Green and Fast Synthesis of 2-Arylidene-indan-1,3-diones Using a Task-Specific Ionic Liquid.

A novel method for condensation reaction of indan-1,3-dione with various aldehydes which are efficiently catalyzed by a task-specific ionic liquid, 2-hydroxyethylammonium formate, to provide the corresponding 2-arylidenindane-1,3-diones has been developed. This green, low-cost, high-yield, and fast reaction takes place at room temperature without the use of any solvent and catalyst. A plausible reaction mechanism that involves ionic liquid-assisted activation is also discussed. This work is the first report of ionic liquids as a reaction medium and catalyst for the synthesis of 2-arylidenindane-1,3-diones.

Introduction

2-Arylidenindane-1,3-diones are an important class of chemicals with many potential applications ranging from material to medical science.
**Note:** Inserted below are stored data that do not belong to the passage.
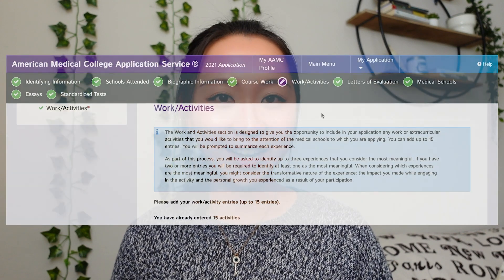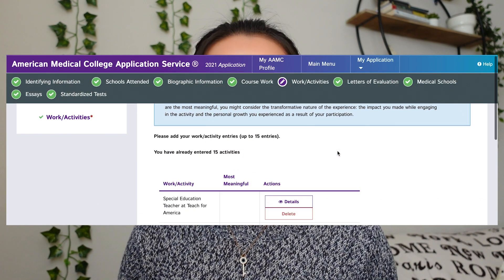Hi there, welcome to my YouTube channel. My name is Lena, I'm an incoming medical student in the U.S. who applied to medical schools in the 2020 to 2021 application cycle. In this video I'm going to talk to you about the works and activities section of the medical school application — specifically an overview, tips, and examples from my personal application.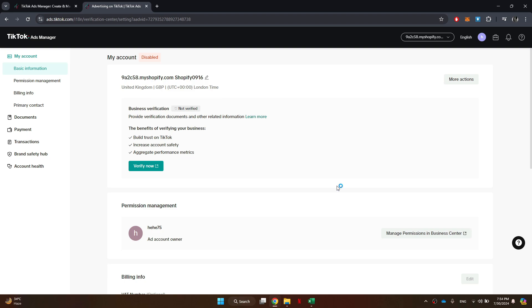So that's basically how you can delete your TikTok Ads Manager account. And that's it for this video. If you find this helpful, consider subscribing and giving this a big thumbs up. Thanks!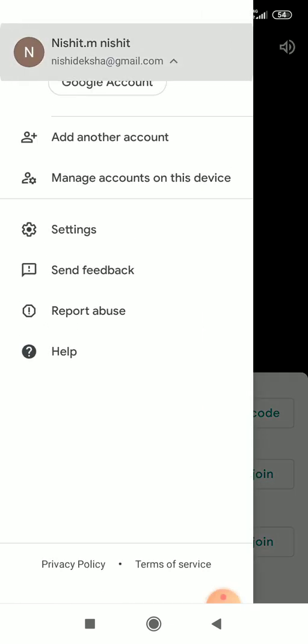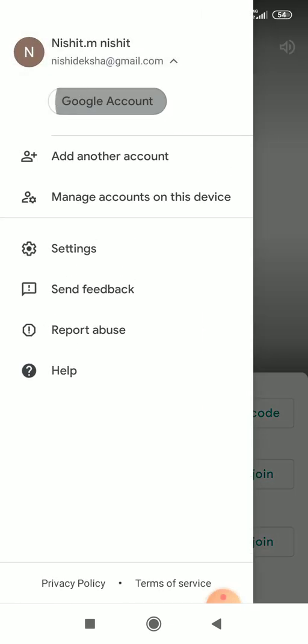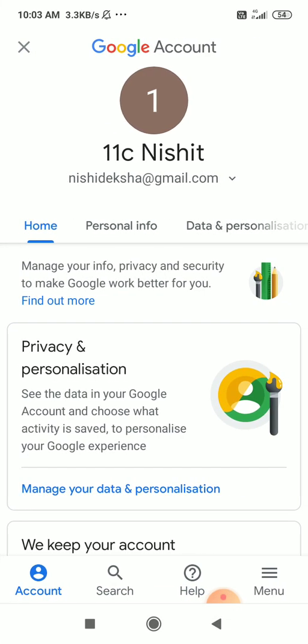So, in that, go to your mail ID and click the Google Account. In that, click the Personal Information.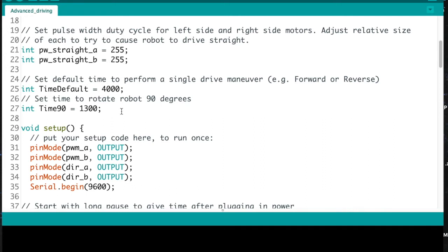I also set a default drive duration of 4,000 milliseconds, and a parameter for how long it takes to rotate 90 degrees. For my robot, about 1.3 seconds produces roughly a 90-degree turn, though that's a preliminary value. In void setup, pins are configured and there's a 10-second delay so the robot doesn't start moving immediately after upload.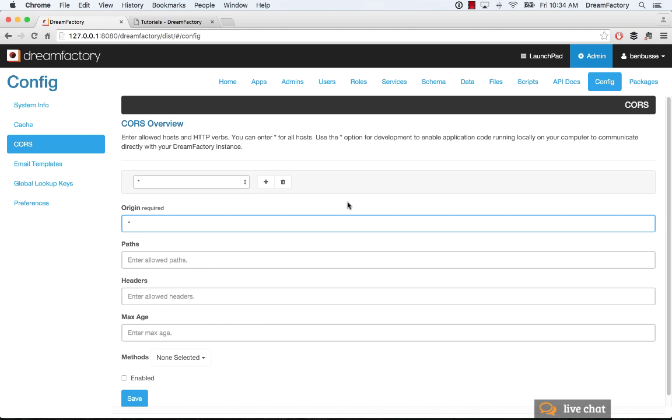For example, if you're developing on your local IP address in your own Mac or Windows or Linux machine, you can put star in here and then access the API endpoints in DreamFactory by doing that. Never, never do that in production, obviously. It's a security risk. You need to whitelist your IP addresses for any production implementations.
Some derivatives show antibacterial activities and nonlinear optical properties, and some have been used as electroluminescent devices, eye lens clarification agents,[1] urease and protease inhibitors, and anticoagulant agents and alleviate symptoms of diabetes.[2−4] They can be also considered as organic Lewis acids.[5,6] Because of their low-lying lower unoccupied molecular orbitals, they are reactive Michael acceptors and have been used as heterodienes in cycloaddition reactions.[7,8]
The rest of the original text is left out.